Actually CassKop doesn't monitor changes inside the ConfigMap. If you want to change a parameter in a file in the current configMap, you must create a new configMap with the updated version, and then ask CassKop to use the new configmap name.

If we add/change/remove the CassandraCluster.spec.configMapName then CassKop will start a RollingUpdate of each CassandraNodes in each Racks, starting from the first Rack defined in the topology.

apiVersion: "db.orange.com/v2"
kind: "CassandraCluster"
metadata:
name: cassandra-demo
labels:
cluster: k8s.pic
spec:
nodesPerRacks: 2
baseImage: cassandra
version: latest
rollingPartition: 0
dataCapacity: "3Gi"
dataStorageClass: "local-storage"
hardAntiAffinity: false
deletePVC: true
autoPilot: true
autoUpdateSeedList: true
configMapName: cassandra-configmap-v1
...

First we need to create the configmap exemple:

kubectl apply -f config/samples/cassandra-configmap-v1.yaml

Then we apply the changes in the CassandraCluster.

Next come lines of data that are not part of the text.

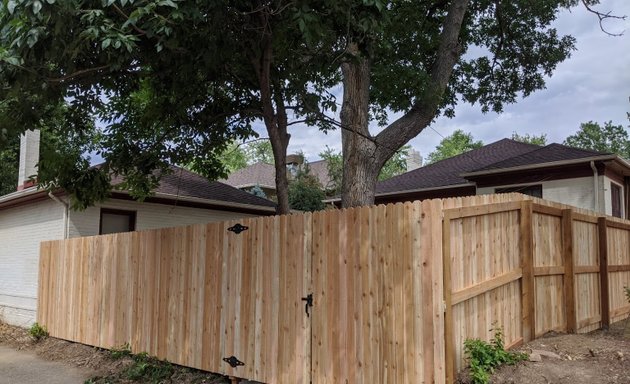 Photo of Sotero Torrez Fence and Landscaping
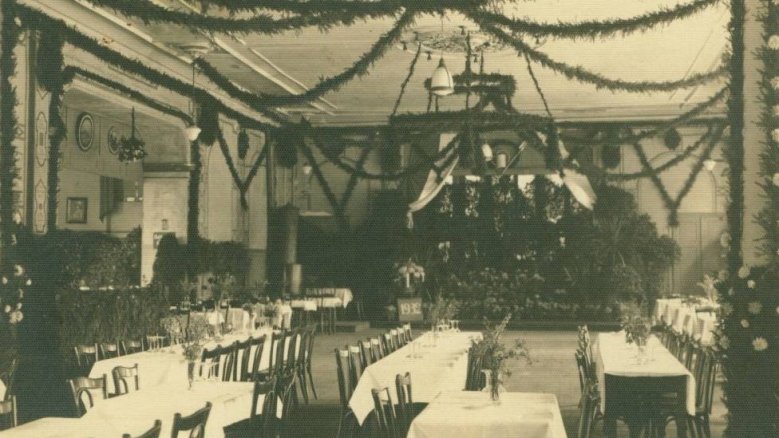 Schützensaal Schützensaal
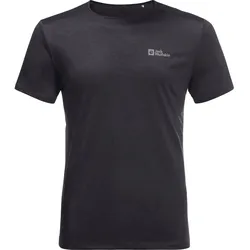 Jack Wolfskin JWP T M black (6000) M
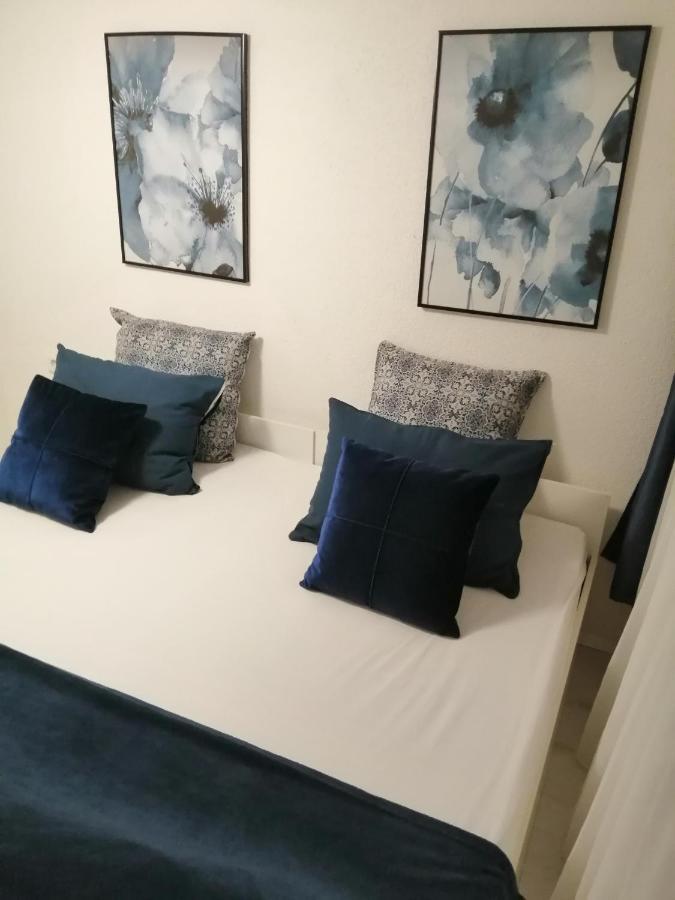 Apartment Stil SJJ Esterno foto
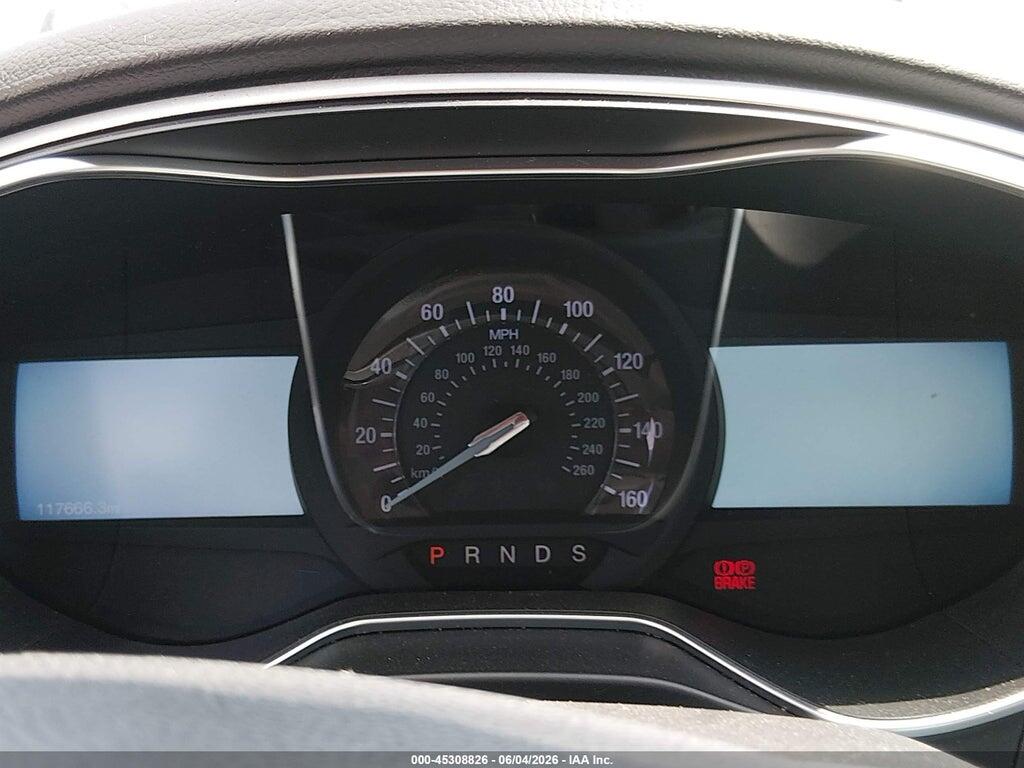 3FA6P0H7XGR311250 2016 FORD FUSION photo no. 7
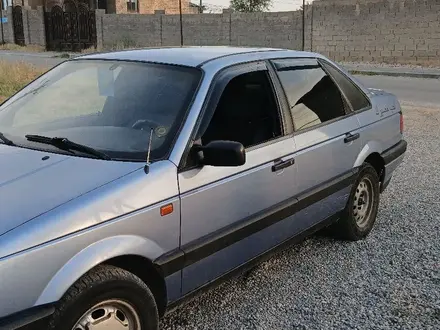Volkswagen Passat 1992 года за 1 500 000 тг. в Шымкент – фото 3
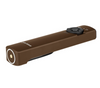 Olight Arkfeld UV Flashlight – Desert Tan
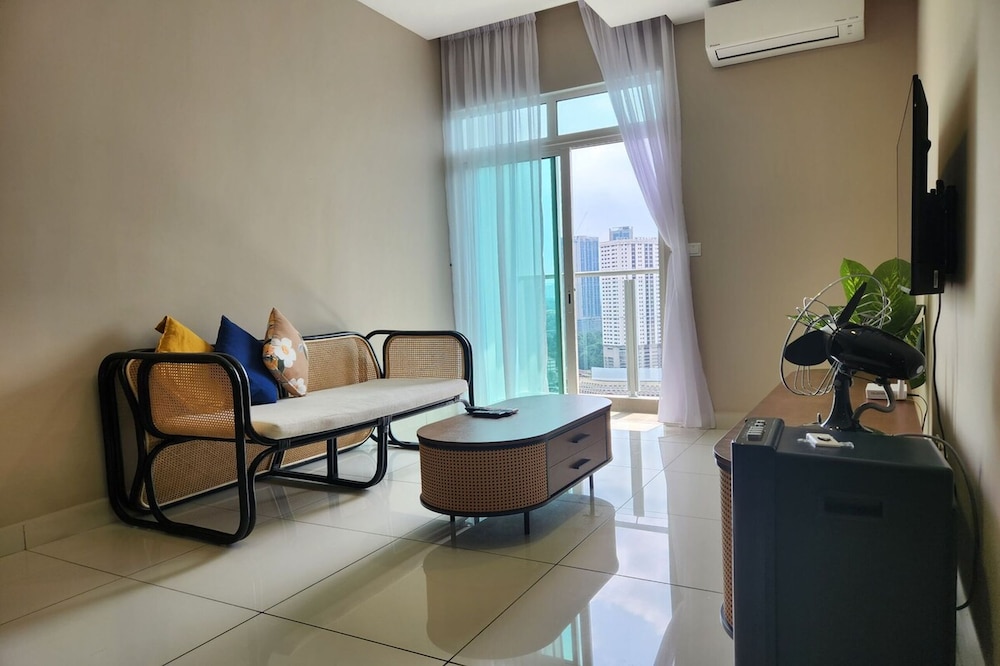 TR Residence Titiwangsa Condotel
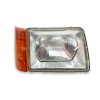 Recambio de faro derecho para seat terra 0.9 referencia OEM IAM 007405  
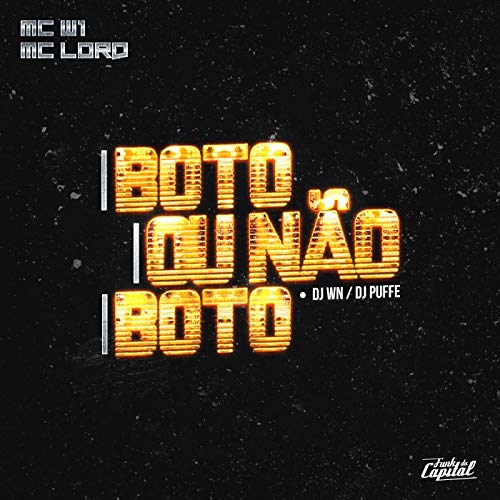 Bota ou Não Boto [Explicit]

We can see the CassandraCluster.Status updated by CassKop

status:
cassandraRackStatus:
dc1-rack1:
cassandraLastAction:
Name: UpdateConfigMap
startTime: 2018-09-21T12:24:24Z
status: Ongoing
phase: Pending
podLastOperation: {}
dc1-rack2:
cassandraLastAction:
Name: Initializing
endTime: 2018-09-21T10:33:10Z
status: Done
phase: Running
podLastOperation: {}
dc2-rack1:
cassandraLastAction:
Name: Initializing
endTime: 2018-09-21T10:34:47Z
status: Done
phase: Running
podLastOperation: {}
lastClusterAction: UpdateConfigMap
lastClusterActionStatus: Ongoing
note

CassKop won't make a rolling update on the next rack until the status of the current rack becomesDone. The Operation is processing "rack per rack".

status:
cassandraRackStatus:
dc1-rack1:
cassandraLastAction:
Name: UpdateConfigMap
endTime: 2018-09-21T12:26:10Z
startTime: 2018-09-21T12:24:24Z
status: Done
phase: Running
podLastOperation: {}
dc1-rack2:
cassandraLastAction:
Name: UpdateConfigMap
endTime: 2018-09-21T12:27:25Z
startTime: 2018-09-21T12:26:10Z
status: Done
phase: Running
podLastOperation: {}
dc2-rack1:
cassandraLastAction:
Name: UpdateConfigMap
startTime: 2018-09-21T12:27:27Z
status: Ongoing
phase: Pending
podLastOperation: {}
lastClusterAction: UpdateConfigMap
lastClusterActionStatus: Ongoing

UpdateDockerImage#

CassKop allows you to change the Cassandra docker image and gracefully redeploy your whole cluster.

If we change the CassandraCluster.spec.baseImage and or CassandraCluster.spec.version CassKop will start to perform a RollingUpdate on the whole cluster (for each racks sequentially, in order to change the version of the Cassandra Docker Image on all nodes.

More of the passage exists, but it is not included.